Friday, December 2, 2011

Peru: The Summit Conference and Coca Tea

      I knew I had to get into shape, if I was going to keep up with these kids on a backpacking trip at high altitude. Or at any altitude, for that matter. I put a heavy backpack on and walked the steepest and longest hills in Arkadelphia, daily. As it turned out, I was put into a group going to a village that could be driven to, and we only backpacked through the airport. But I was in shape, mostly, except for the knee I nearly ruined getting into shape.
      We arrived in Lima early in the morning, and loaded on a smaller plane for the flight to Cusco. This city is at 12,000 ft. altitude, and planes only go out and in during the morning. Has to do with thin air. Not enough lift. Well, If I'm going to fly over these mountains, I sure do want some lift!
      A group of young women from Peru got on our plane at Lima, and I was totally relieved to see that they spoke perfectly good English. We had been told a lot about the language barrier problem, and it worried me a lot, but listening to them made me feel better. “Hey, guys!
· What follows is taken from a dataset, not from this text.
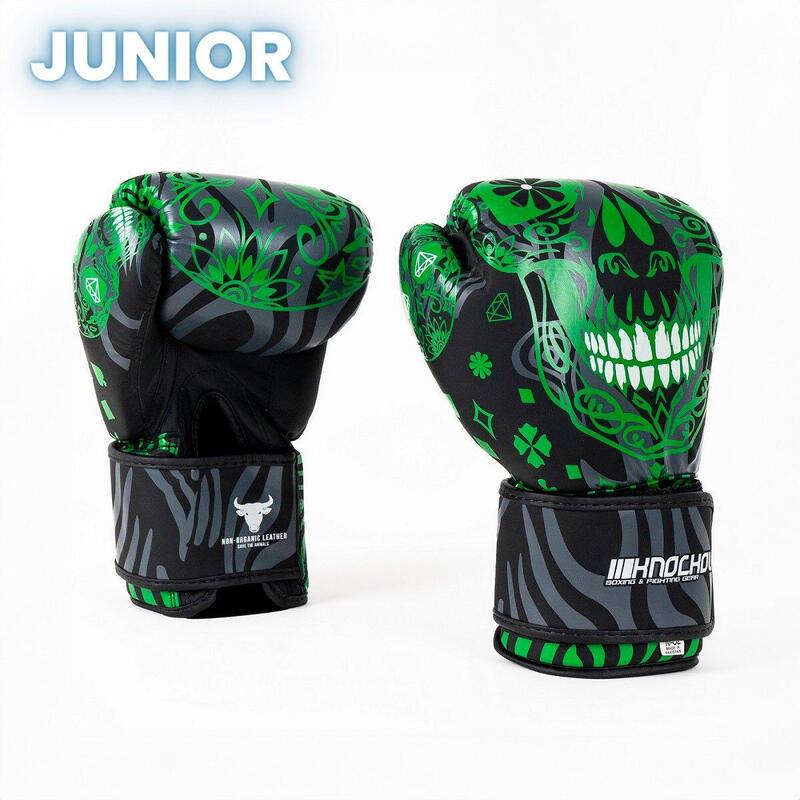 Manusi Box Knockout Skull Copii 8 OZ / Jungle Green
These Peru people speak great English!” One of our kids rolled his eyes. “Uh, Pat, they're our interpreters.”
      We had been told, in pre-trip planning, that these Indians who live at high altitude prevent altitude sickness by drinking Coca tea every day. Well, since Cocaine is made from that plant, we had quite a discussion about using that at all. After all, this WAS and OBU trip. Finally, our nurse who was going along just said, “I've done it both ways. Without Coca tea, I got very sick. With it, I was fine. This is NOT Cocaine. It has to be refined, refined, and refined to get to that point.” We drank Coca tea.
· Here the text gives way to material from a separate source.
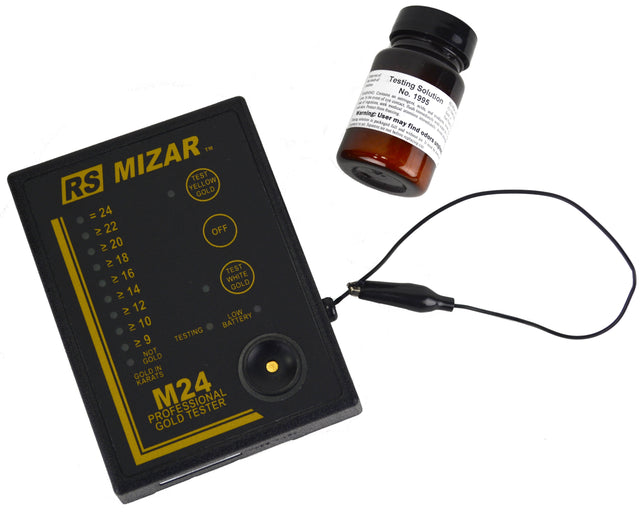 RS MIZAR M24 Professional digital electronic gold tester analyzer with testing solution bottle for karat purity verification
      That first day in Cusco, we just took it easy, to make the altitude adjustment, and drank Coca tea.
      The next morning, we headed out to our Indian village, a couple of hours out. We traveled in a hired taxi, a van. All our stuff, mountains of it, was piled on top, and the driver found a little short piece of rope on the ground, and tied it down with that. I don't know how he did it, but he made it all stay on, over some of the roughest mountain roads I had ever seen. I'd heard the story of Jesus stretching the loaves and the fishes, and I think God must have stretched that rope a LOT to handle the job that little piece of rope handled. The country was totally beautiful, with green fields sloping up to great mountain tops, speckled with fields of corn and potatoes, and villages of little mud houses with thorn fences around them, keeping the animals in. Herds of Llamas and goats wandered about, driven by women who wore hats just like my Indiana Jones hat.
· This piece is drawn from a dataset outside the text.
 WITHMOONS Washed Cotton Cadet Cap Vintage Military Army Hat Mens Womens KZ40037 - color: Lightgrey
      Halfway out to our village, There was a major landslide across the road. A little path told us at least someone else had crossed it, so we followed. At the peak, we met another van. No way to pass, and nobody was anxious to back down. The driver, and the taxi owner, got out. A couple of men from the other van got out. They held a true SUMMIT conference, concerning which van was on the most important mission. Finally, our driver told them he was carrying a great team of missionaries, who came all the way from America. He pointed out that big man with gray hair, and I felt my first guilt attack. The other men could not argue with that, and they slowly backed down the landslide. Being “big” and gray headed, I began to learn, carried a lot of weight with the Indians, because they were very small, up to my chest, and very few of them lived long enough to get gray hair. I felt like the fake I was the whole time I was there, because I got a lot more respect, God knows, than I ever deserved, having impure motives for even starting this trip in the first place.
      When we arrived at the village, we unloaded our gear, and stashed it in the church. I t had been built years ago by another missionary group, and was a small wood and mud structure with very short benches inside, and with its two doors open, it was mostly being used now as a place for hogs and chickens to lounge in. One of my first chores was to filter a lot of drinking water with a hand operated pump. Although we did have access to one of the few faucets in the village, the water had lots of specks in it, and, we were told earlier, 30% of us, at least, were destined to lose a lot of weight the quick and hard way, when their terrible stomach bug hit. A young boy, about eight, quickly latched onto me and was a great help in filtering water. I showed off some of my four or five Spanish words I had learned over the last 3 weeks by naming him, “Aqua Amigo.” My water friend.
      Sure enough, when I got in front of a small group of Indians, with my two interpreters ready, (first into Spanish, which the kids understood, then into Quechua, the only language the older Indians knew)
God and Jeremiah came through for me, and the words just poured out. I had lots of time to think up the next paragraph, while the interpreters did their thing. I think God just had it planned out that way, because it took every spare second to think up the next line.